2025-08-27

Route Optimization Is a Data Problem, Not an Algorithms Problem

By Anders Nylund · Principal · 9 min read

The vehicle routing problem (VRP) and its variants have been studied by operations researchers for 60 years. There are excellent solvers — both exact methods like branch-and-price and heuristic approaches like large neighborhood search — that are well-understood, well-documented, and available in open-source libraries. If you have clean input data and a well-specified problem, getting to a high-quality routing solution is not a research problem. It's an engineering problem with known solutions.

So why, in 2025, do so many logistics operators still run suboptimal routes? It's not because they're using bad algorithms. It's because the data feeding those algorithms is incomplete, stale, inconsistently structured, and rarely includes the feedback signal that would allow the model to improve over time. Route optimization is a data problem, not an algorithms problem. The solvers are good. The data pipelines are a mess.

What good routing data actually requires

A routing optimizer needs, at minimum: stop locations with reliable geocoding, time windows that reflect actual customer availability (not default 9–5), service time estimates that account for real dwell time at each stop type, vehicle capacity constraints that include not just weight and volume but operational constraints like refrigeration zones or hazardous goods separation requirements, and driver constraints like maximum hours of service and shift start/end times.

Most operators have some version of most of these inputs. The problem is quality and completeness. Geocoding errors accumulate over time as customer addresses change and nobody updates the master address record. Time windows are often defaults set when the customer account was created, not actual delivery windows that were verified recently. Service time estimates are usually averages that don't account for customer-specific idiosyncrasies — the stop that always takes 45 minutes because there's only one loading dock, or the stop that's consistently faster because the customer pre-stages orders.

Each of these data quality issues is individually small. Collectively, they mean that the "optimization" the solver is performing is optimization against a problem specification that doesn't match reality. The solution is mathematically optimal for the wrong problem. In practice, this manifests as routes that look good on paper and then regularly get modified by drivers in the field — stops resequenced, time windows missed, service times exceeded. The route plan becomes a starting point for improvisation rather than an executable instruction.

The feedback loop problem

What separates good route optimization systems from mediocre ones is not the solver — it's the feedback loop. A system that captures actual execution data (GPS traces, actual dwell times, actual sequence followed, exception events) and feeds that back into the model's parameters improves over time. A system that generates routes and then discards the execution data learns nothing.

Here's a concrete example of what this matters for. Service time estimation is one of the most impactful parameters in routing quality.
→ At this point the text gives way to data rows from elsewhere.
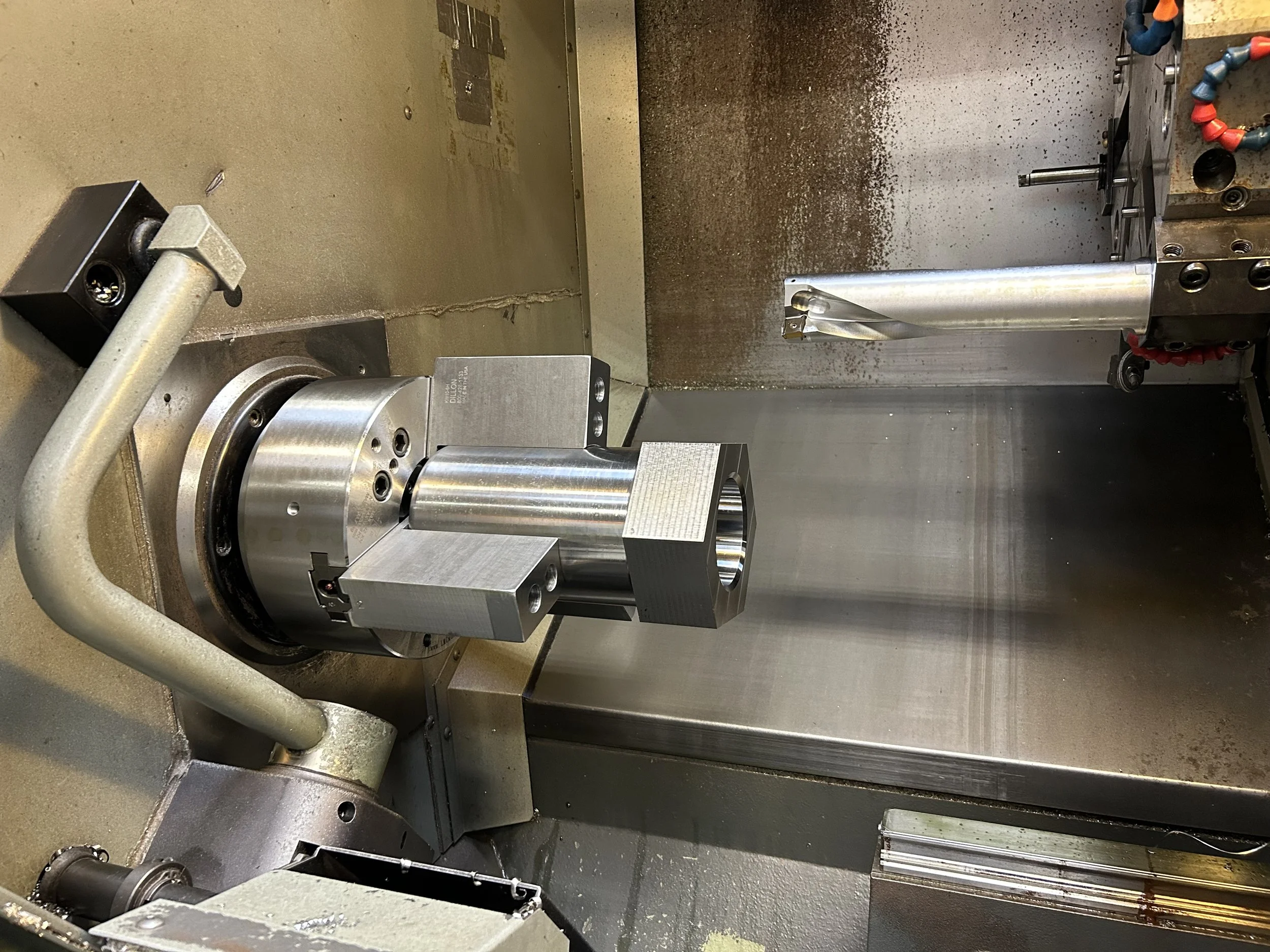 Shown here is the 2 1/2 inch diameter inserted drill, which did the bulk of the interior material removal before boring.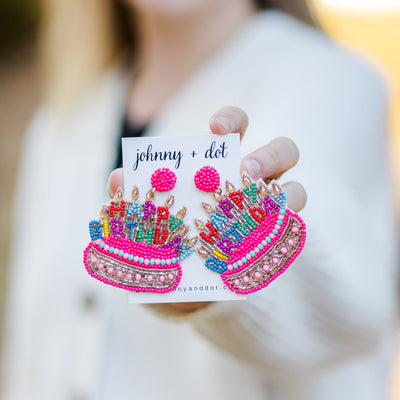 Model holding a pair of Large Beaded Happy Birthday Cake Earrings.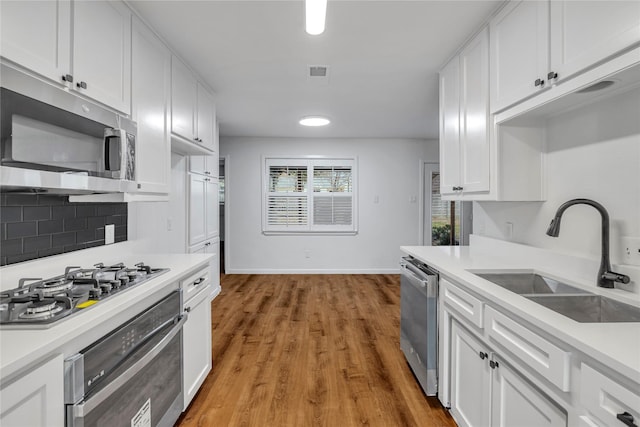 kitchen with stainless steel appliances, a sink, visible vents, white cabinets, and light countertops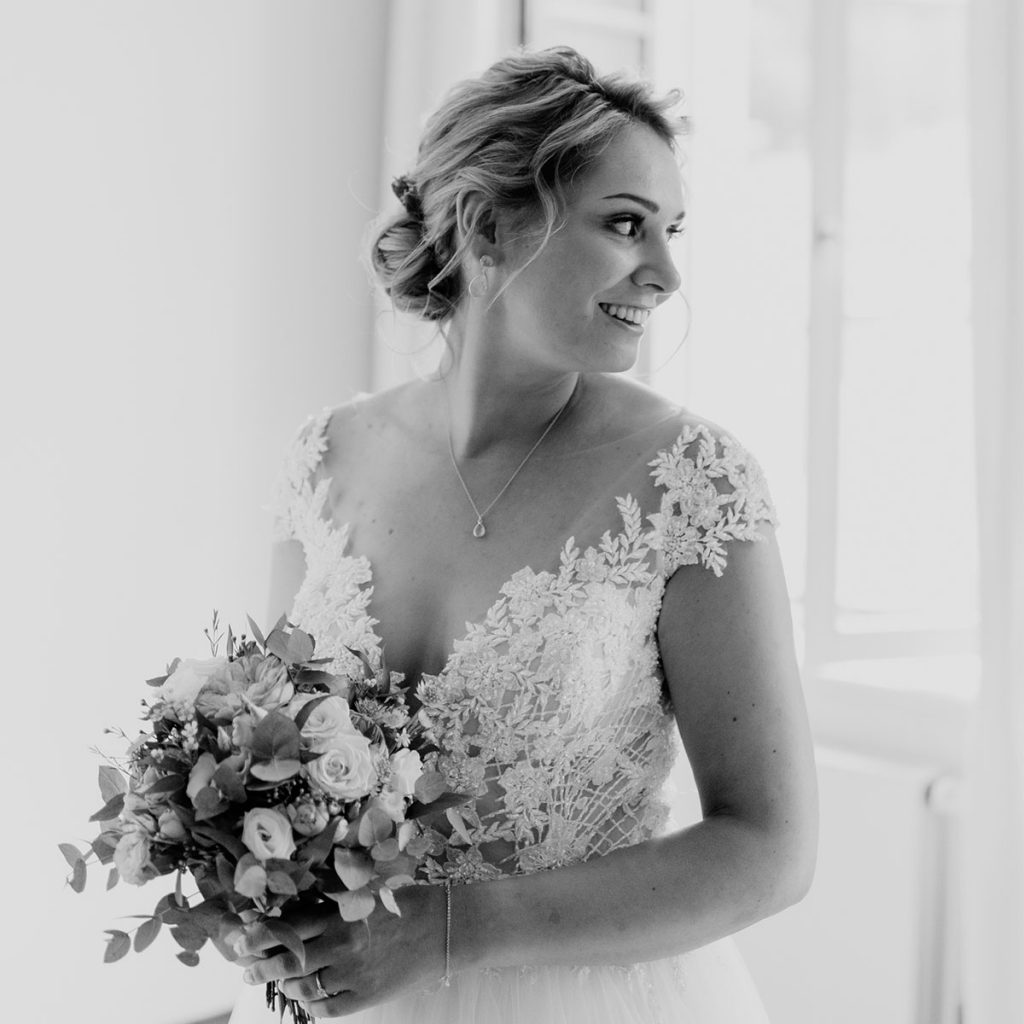 Braut in einem Vintagekleid trägt Hochzeitsfrisur mit echten Blumen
If your model underestimates service time at a particular stop type by 8 minutes on average, the downstream schedule effects compound across the route. By stop 12, the driver is 90 minutes behind the plan. The fix is to let the model learn actual service times from execution data — GPS traces showing time at location, or manual driver inputs confirming dwell time — and update the service time estimates per stop type, or per specific customer, on a rolling basis.
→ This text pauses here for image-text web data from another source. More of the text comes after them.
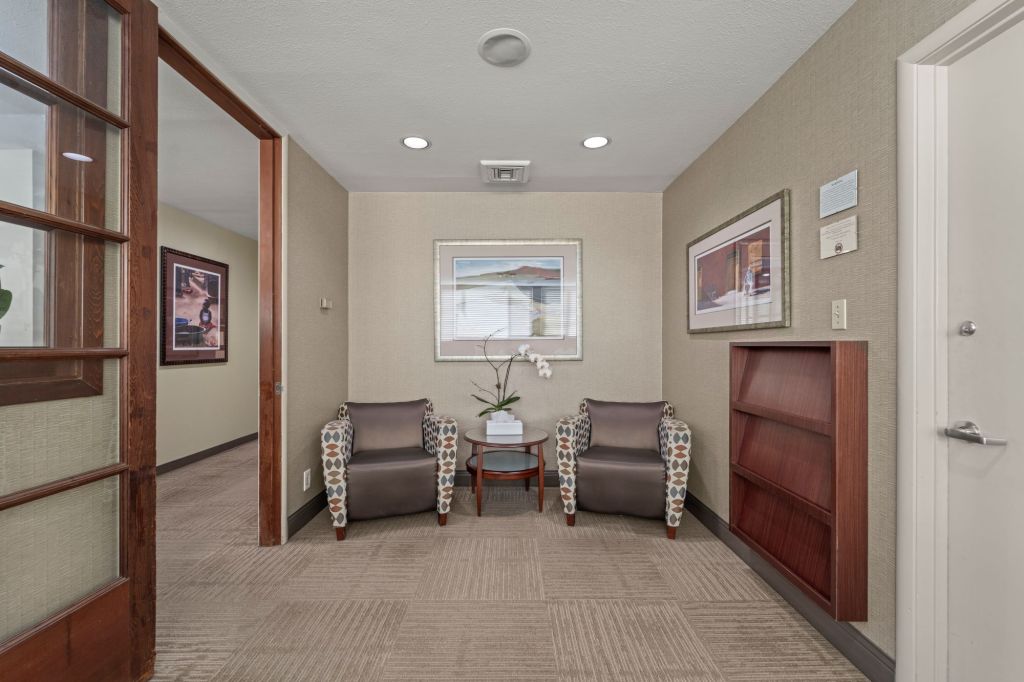 Entry hallway with open wooden doorframe, two upholstered armchairs, framed artwork, potted orchid, and built-in bookshelf with brochures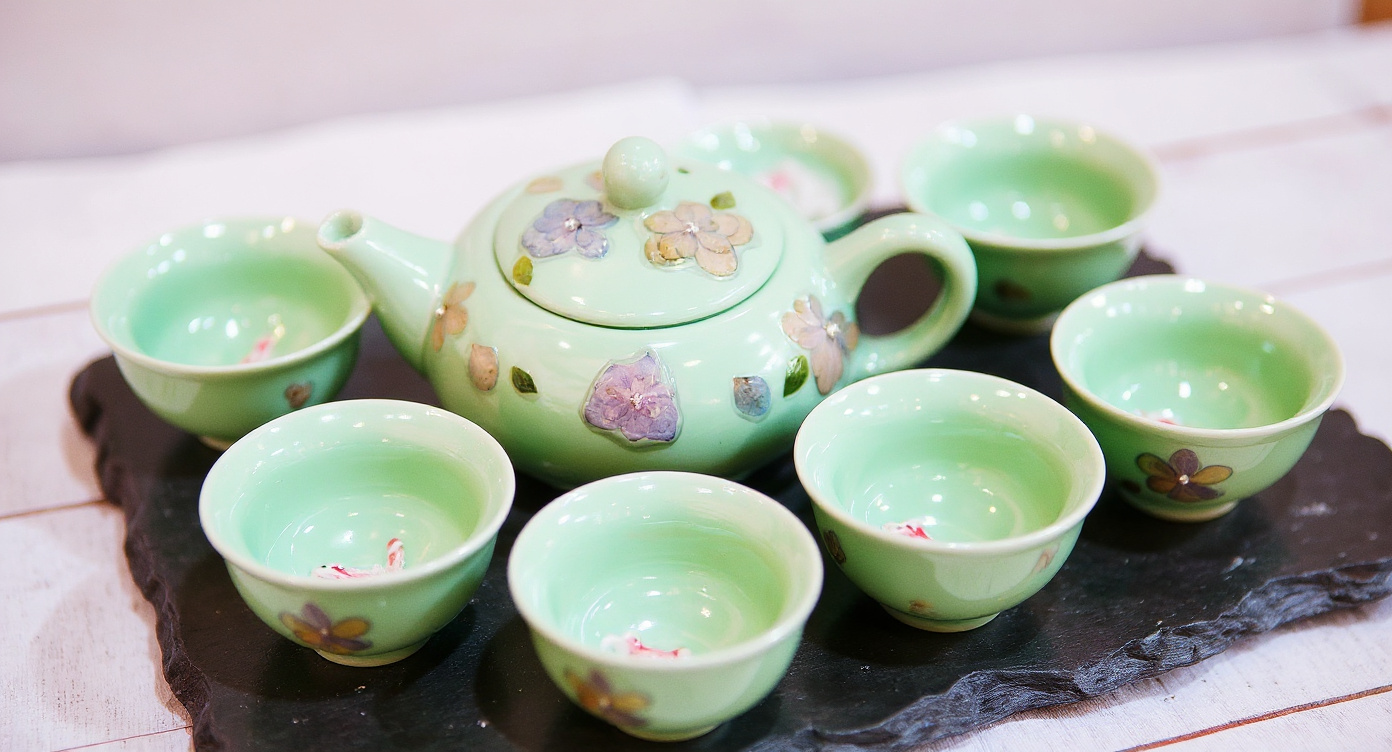 Celadon cup with 3D koi fish visible under tea on bamboo mat.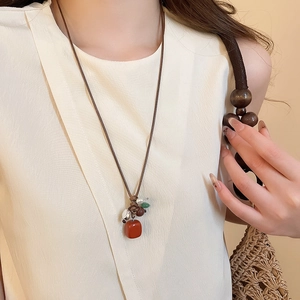 Ethnic style necklace detail featuring red stone and silver beads on a dark wax cord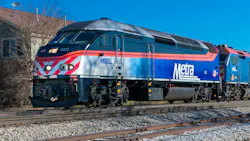 A Metra commuter rail locomotive numbered 422 in the agency's blue, silver and orange livery sits on track in front of a second Metra locomotive, with bare trees and a building behind under a clear blue sky. A Metra commuter rail locomotive numbered 422 in the agency's blue, silver and orange livery sits on track in front of a second Metra locomotive, with bare trees and a building behind under a clear blue sky.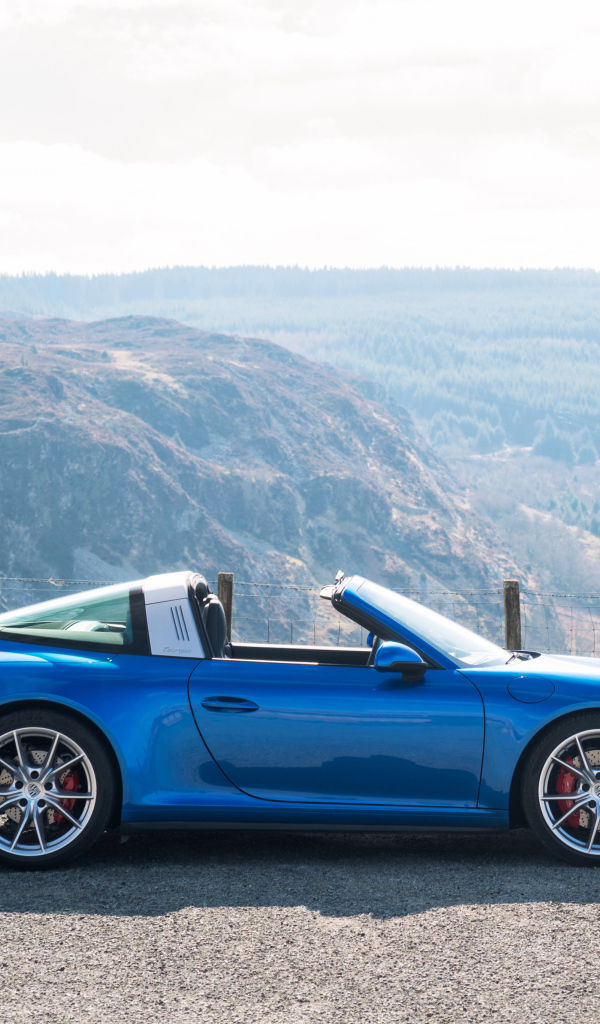 Голубой автомобиль кабриолет Porsche 911 Targa 4S на фоне гор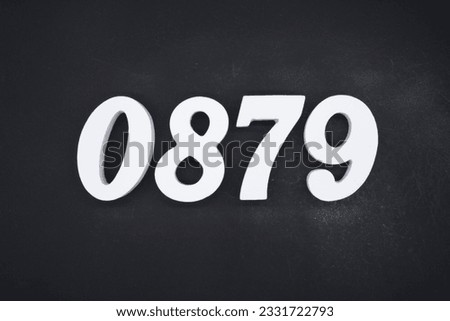 Black for the background. The number 0879 is made of white painted wood.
Most operators do not have this feedback loop running. The route optimization system and the execution system are separate applications that do not share data. The routing software runs its solver, generates a plan, pushes it to the TMS, and then has no visibility into what actually happened. Actual service times are either not captured at all, or captured in a format that requires manual extraction and cleaning before it could be useful as model input. The result is that the same estimation errors persist indefinitely because there's no mechanism for the model to observe and correct them.

What FourKites is doing differently

When we backed FourKites in 2024, what differentiated them was the scope and depth of their real-time tracking platform. Their system covers ocean, rail, truck, and parcel across 200+ countries — a multimodal coverage footprint that no carrier-specific or mode-specific solution can replicate. That breadth matters because supply chains don't respect modal boundaries: a delay in an ocean leg propagates into a rail leg which propagates into a last-mile leg, and you can't optimize the downstream without visibility into the upstream.

What makes FourKites structurally defensible is not the tracking itself — tracking is increasingly a commodity — but the predictive ETA model built on top of it. Their model learns from billions of historical shipment data points, continuously improving accuracy as it observes deviations between predicted and actual arrival times. The value isn't in knowing where a shipment is right now; it's in knowing when it will arrive and why it might not. The automated exception workflows built on top of that prediction layer — alerting, rerouting, carrier escalation — are where the operational value concentrates. Tracking tells you what happened. The FourKites prediction layer tells you what's about to happen and what to do about it.

The integration problem: where the data gap lives

The reason most operators don't have clean, complete routing data is not that the data doesn't exist — it's that it lives in too many places. Order data in the OMS. Customer master data in the ERP. Vehicle and driver data in the fleet management system. Historical execution data in the TMS, if it's captured at all. Real-time traffic and road condition data from external providers. Each of these sources has different update frequencies, different data quality standards, and different APIs or file formats for extraction.

The practical question for a route optimization software company is: how do you build the data integration layer without making it a custom integration project for every customer? The companies that have answered this well have built connectors for the 8–10 TMS and ERP systems that cover 70–80% of their target customer base, and built a data normalization layer that handles the variation in how the same fields (stop address, time window, vehicle capacity) are represented across those systems. The companies that have answered it poorly have a sales process where every new customer requires 3–6 months of custom integration work before the optimization can run.

For seed-stage companies building in this space, the integration architecture is a make-or-break decision. Build the connectors for the systems your first 10 customers actually run. Don't build a general-purpose middleware layer — that's a different product. Build the connectors, normalize the data, run the solver, close the feedback loop. The route quality will compound from there.

The algorithm ceiling

One more point worth making directly: there's a ceiling on what algorithm improvement can deliver in practical routing quality. Modern VRP solvers, operating on clean problem instances, get within 1–2% of optimal on typical commercial routing problems. The algorithmic gains available from switching from a good heuristic solver to a marginally better one are measured in fractions of a percent. The quality gains available from fixing data quality — correcting service time estimates, updating time windows, improving geocoding accuracy — are often measured in 10–20% improvements in on-time delivery rates and driver utilization.

This is why we're skeptical of routing optimization pitches that lead with algorithmic differentiation. If a company's primary claim is "our solver is better," we immediately want to know: how are they ensuring the data feeding that solver is accurate, complete, and continuously improving? The solver is table stakes. The data infrastructure is the product.